*** Opening of Extracted records ***

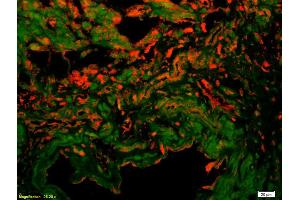Formalin-fixed and paraffin-embedded human colon carcinoma labeled with Anti-VE Cadherin/VECD/CD144 Polyclonal Antibody, Unconjugated (ABIN1387250) 1:200, overnight at 4°C, The secondary antibody was Goat Anti-Rabbit IgG, Cy3 conjugated used at 1:200 dilution for 40 minutes at 37°C.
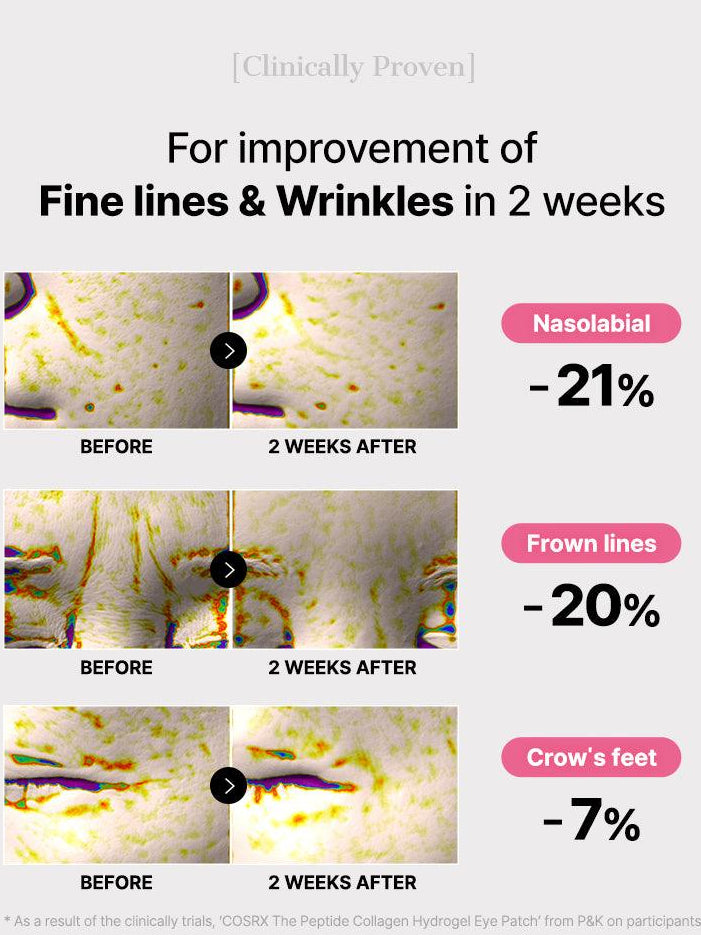 Noctéra Peptide Collagen Hydrogel Eye Patch ™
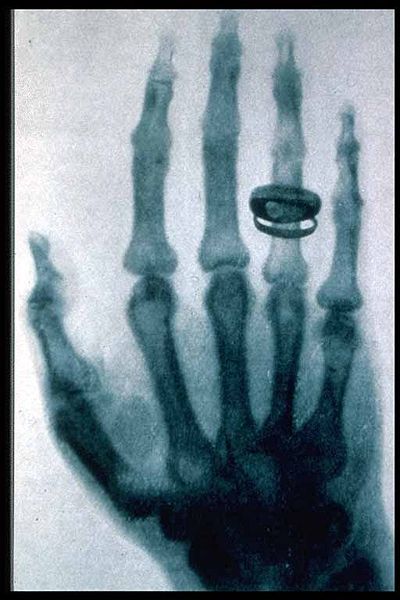 Roentgen's X-ray picture of the hand of Alfred von Kolliker, taken 23 January 1896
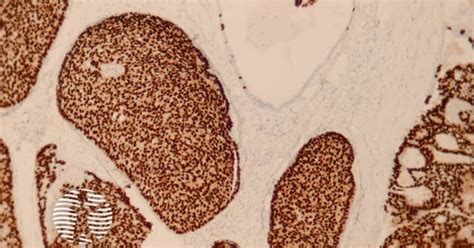 Endocrine Mucinproducing Sweat Gland Carcinoma Pathology Image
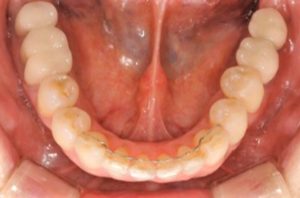 クリスタル歯科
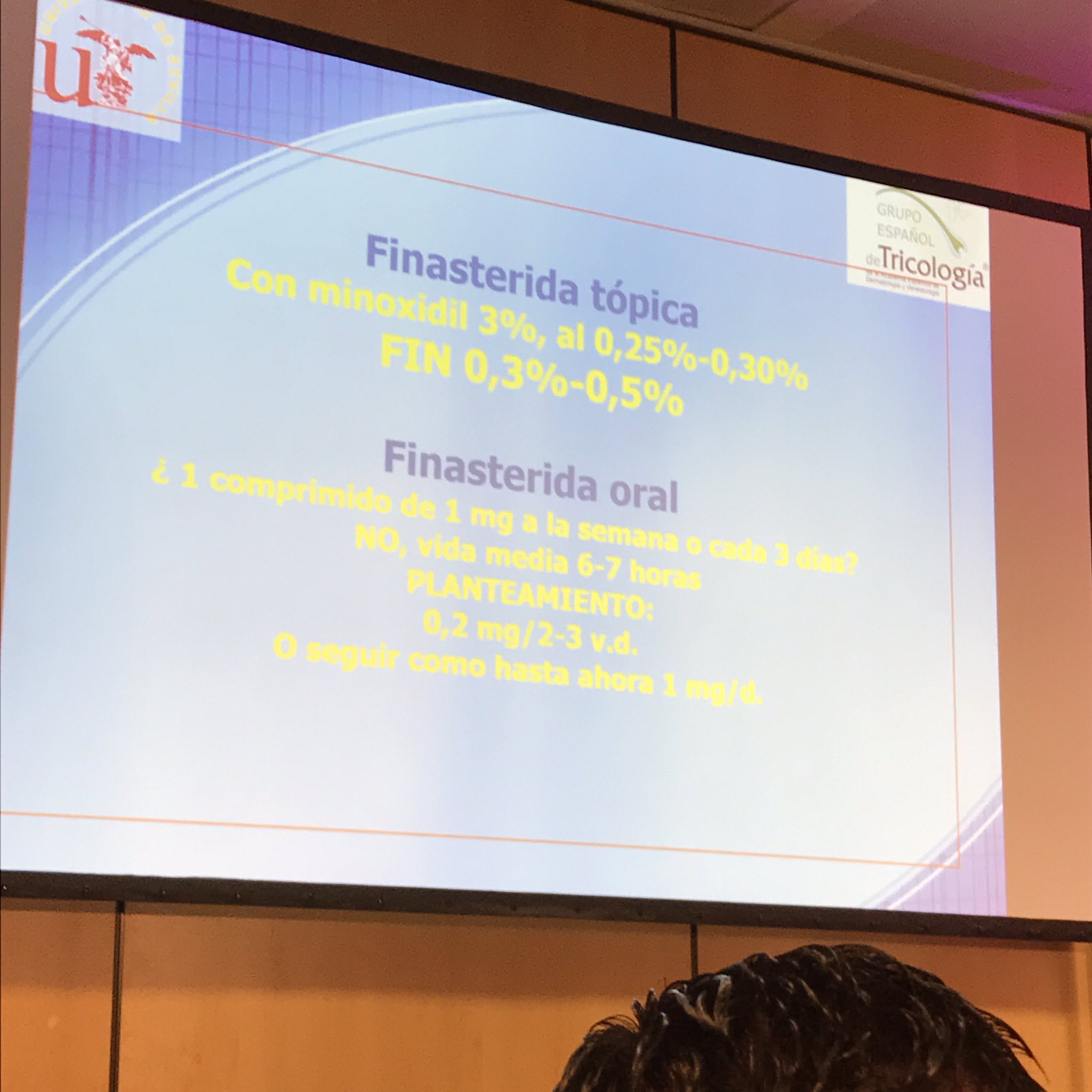 finasteride 1 mg españa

*** Close of Extracted records ***

Please repeat every record above exactly, but leave out the pictures.

> [Your response]:
Formalin-fixed and paraffin-embedded human colon carcinoma labeled with Anti-VE Cadherin/VECD/CD144 Polyclonal Antibody, Unconjugated (ABIN1387250) 1:200, overnight at 4°C, The secondary antibody was Goat Anti-Rabbit IgG, Cy3 conjugated used at 1:200 dilution for 40 minutes at 37°C.
 Noctéra Peptide Collagen Hydrogel Eye Patch ™
 Roentgen's X-ray picture of the hand of Alfred von Kolliker, taken 23 January 1896
 Endocrine Mucinproducing Sweat Gland Carcinoma Pathology Image
 クリスタル歯科
 finasteride 1 mg españa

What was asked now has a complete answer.